_YOUR TASK_. From the listing below, copy only the lines from the line that contains "The Thistle House Edinburg Exteriör bild" to the line that contains "帮客材配 全新原装法迪欧燃气灶JZY- 2B13阀体(液化气)(含电磁阀、喷嘴)", counting those two lines as part of the copy.

_EXTRACTED ENTRIES_.
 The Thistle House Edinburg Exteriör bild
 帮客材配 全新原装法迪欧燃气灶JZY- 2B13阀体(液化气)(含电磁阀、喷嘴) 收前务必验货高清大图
--
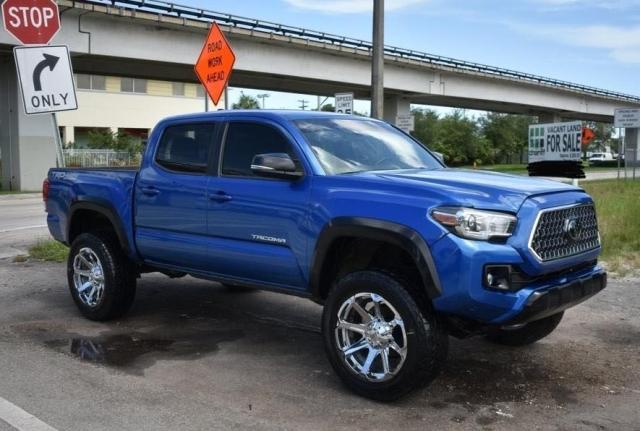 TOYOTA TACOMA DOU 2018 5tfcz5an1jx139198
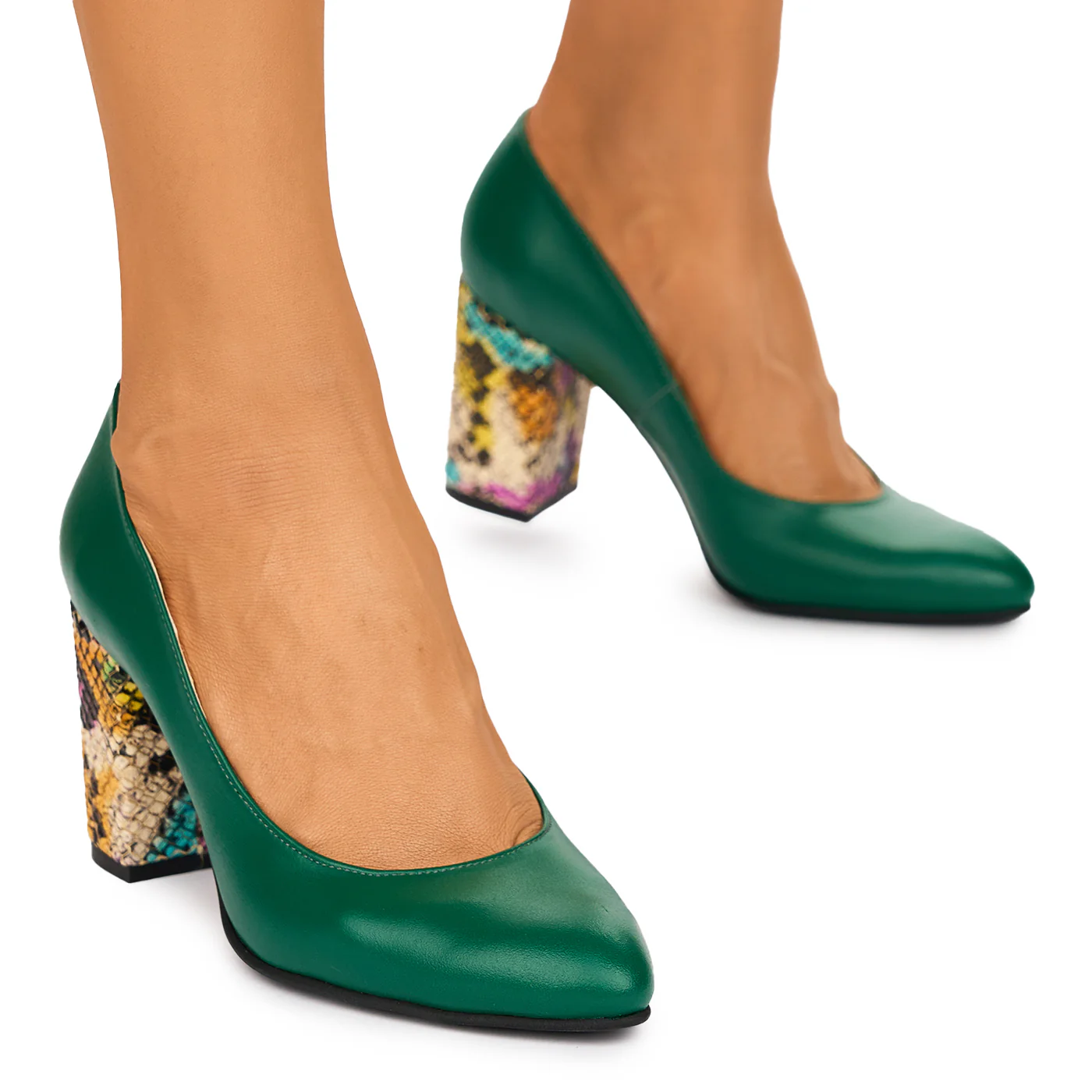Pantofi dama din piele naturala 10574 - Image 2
--
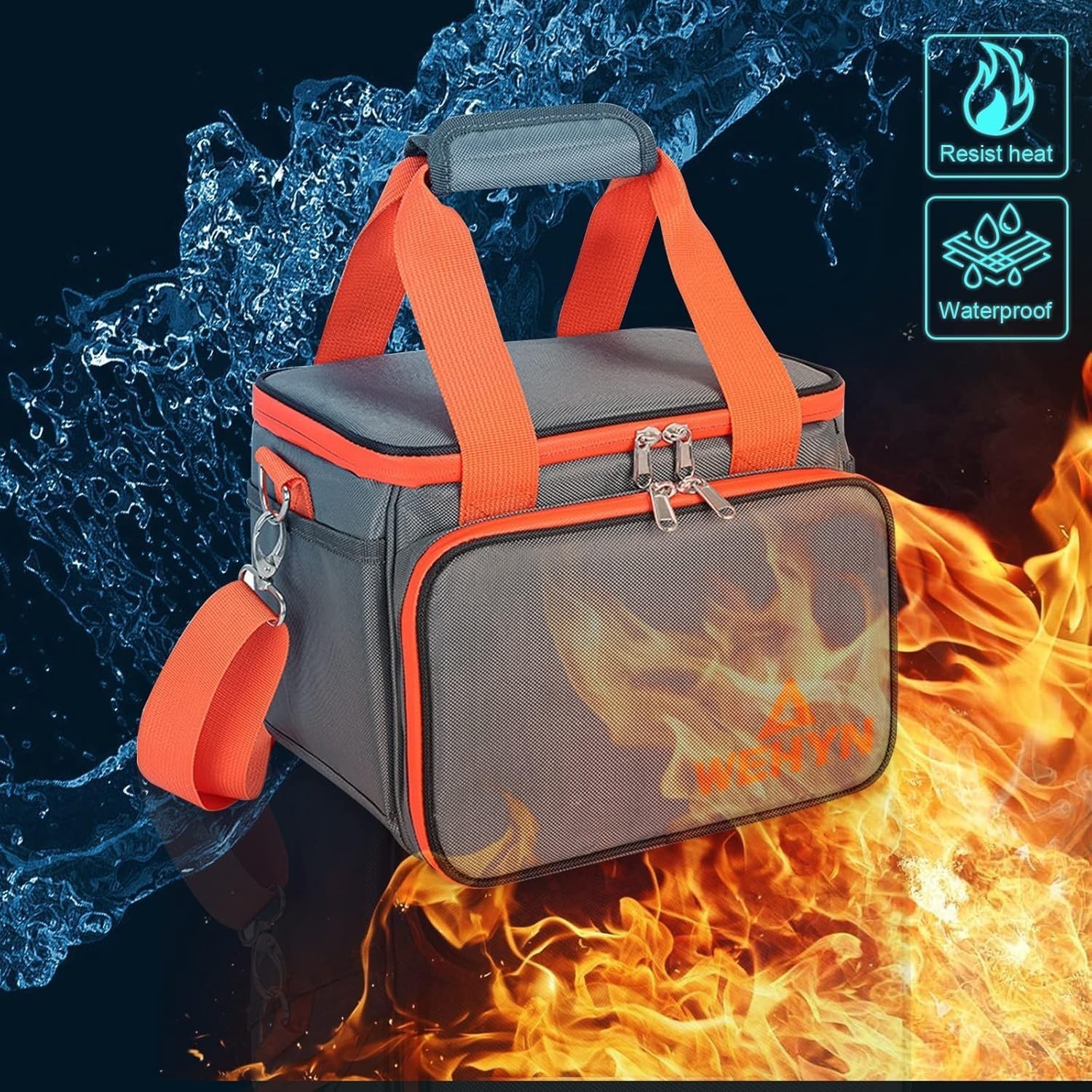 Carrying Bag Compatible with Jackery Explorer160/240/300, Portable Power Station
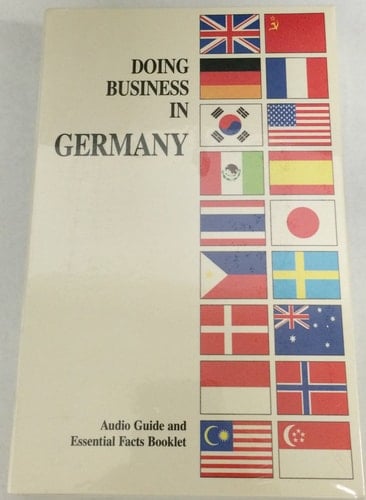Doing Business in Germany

_SOLUTION_.
 The Thistle House Edinburg Exteriör bild
 帮客材配 全新原装法迪欧燃气灶JZY- 2B13阀体(液化气)(含电磁阀、喷嘴) 收前务必验货高清大图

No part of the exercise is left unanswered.